TASK INSTRUCTIONS — Below are several entries. Transcribe exactly those lines that fall from the one with "分享土狗的自然繁育方法（附：照顾发情期的狗狗危险吗）" through the one with "Le Canigou, l'Olympe des Catalans!", end lines included.

Brief descriptive captions:
-=-=-
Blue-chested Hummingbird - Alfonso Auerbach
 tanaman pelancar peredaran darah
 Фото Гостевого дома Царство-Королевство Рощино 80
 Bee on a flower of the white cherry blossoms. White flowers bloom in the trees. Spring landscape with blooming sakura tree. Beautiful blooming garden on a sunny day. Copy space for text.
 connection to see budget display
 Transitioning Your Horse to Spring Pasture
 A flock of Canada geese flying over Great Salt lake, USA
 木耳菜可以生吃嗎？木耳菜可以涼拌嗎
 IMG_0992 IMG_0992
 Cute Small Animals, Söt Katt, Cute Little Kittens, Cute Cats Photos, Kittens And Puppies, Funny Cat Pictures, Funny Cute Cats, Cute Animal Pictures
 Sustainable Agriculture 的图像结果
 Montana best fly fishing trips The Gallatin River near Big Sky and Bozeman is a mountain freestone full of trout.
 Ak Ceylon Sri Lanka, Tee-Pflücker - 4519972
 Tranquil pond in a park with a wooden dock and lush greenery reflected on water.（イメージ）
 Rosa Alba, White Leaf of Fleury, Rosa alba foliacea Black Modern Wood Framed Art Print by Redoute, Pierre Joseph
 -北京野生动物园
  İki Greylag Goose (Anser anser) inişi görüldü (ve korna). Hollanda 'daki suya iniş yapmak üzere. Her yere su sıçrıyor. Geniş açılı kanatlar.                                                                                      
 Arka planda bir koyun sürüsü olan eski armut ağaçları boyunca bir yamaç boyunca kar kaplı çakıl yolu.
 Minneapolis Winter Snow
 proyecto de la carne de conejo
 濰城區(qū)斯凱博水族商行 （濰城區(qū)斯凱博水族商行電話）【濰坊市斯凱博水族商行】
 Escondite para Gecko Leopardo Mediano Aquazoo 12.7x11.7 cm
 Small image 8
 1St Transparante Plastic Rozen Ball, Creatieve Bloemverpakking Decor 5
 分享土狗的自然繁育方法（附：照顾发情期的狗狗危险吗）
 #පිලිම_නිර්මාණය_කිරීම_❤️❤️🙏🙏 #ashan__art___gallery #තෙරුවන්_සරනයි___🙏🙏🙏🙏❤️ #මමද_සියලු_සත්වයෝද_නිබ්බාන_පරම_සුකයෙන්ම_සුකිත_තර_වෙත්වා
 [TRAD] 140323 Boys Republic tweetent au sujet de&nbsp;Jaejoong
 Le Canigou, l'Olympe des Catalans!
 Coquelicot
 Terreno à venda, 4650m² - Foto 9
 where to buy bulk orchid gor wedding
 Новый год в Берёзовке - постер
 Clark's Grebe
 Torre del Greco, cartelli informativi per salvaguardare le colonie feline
-=-=-
FINISHED EXERCISE —
 分享土狗的自然繁育方法（附：照顾发情期的狗狗危险吗）
 #පිලිම_නිර්මාණය_කිරීම_❤️❤️🙏🙏 #ashan__art___gallery #තෙරුවන්_සරනයි___🙏🙏🙏🙏❤️ #මමද_සියලු_සත්වයෝද_නිබ්බාන_පරම_සුකයෙන්ම_සුකිත_තර_වෙත්වා
 [TRAD] 140323 Boys Republic tweetent au sujet de&nbsp;Jaejoong
 Le Canigou, l'Olympe des Catalans!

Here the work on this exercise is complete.